Et voilà qu’ils n’ont jamais été aussi généreux…

Dans les carrés du « jardin des moines », Gertrude Jekill et une inconnue d’un beau rose magenta ont retrouvé une belle santé, sans doute sous l’effet des pluies printanières.

Au pied de la maison, les rosiers arbustifs ‘Pat Austin’ reprennent de la consistance…

…ainsi que ‘Michel Serrault’. Mais les rosiers ‘Lenôtre’, ‘Queen Elizabeth’ et quelques autres commencent à donner des signes inquiétants. Alors, à moins de leur trouver un refuge, ils seront sacrifiés et remplacés par des rosiers ADR…

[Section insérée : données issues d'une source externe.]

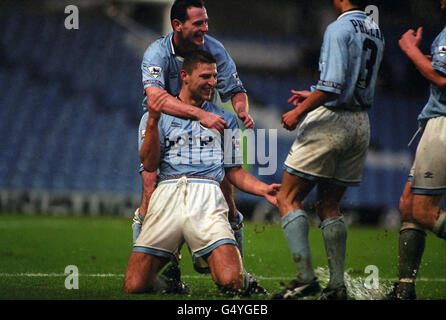 Michel Vonk (kniend) von Manchester City feiert den Treffer gegen Ipswich Town Mit Teamkollegen Mike Sheron (hinten) und Terry Phelan (rechts) Stockfoto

ADR (Anerkannte Deutsche Rose), c’est le label qui récompense les variétés les plus résistantes, les plus floribondes, les plus rustiques, sans aucun traitement préventif ou curatif. Et notre rosier ‘Bajazzo’ de Kordes démontre cette année encore que le label est bien fiable. Seul soin : soutenir les branches trop lourdement chargées de fleurs.

Mais il reste un mystère…

Comment expliquer que ces deux vieux rosiers « abandonnés » dans la rocaille sous les épicéas se portent aussi bien ? Théoriquement, ils ne devraient pas vivre là…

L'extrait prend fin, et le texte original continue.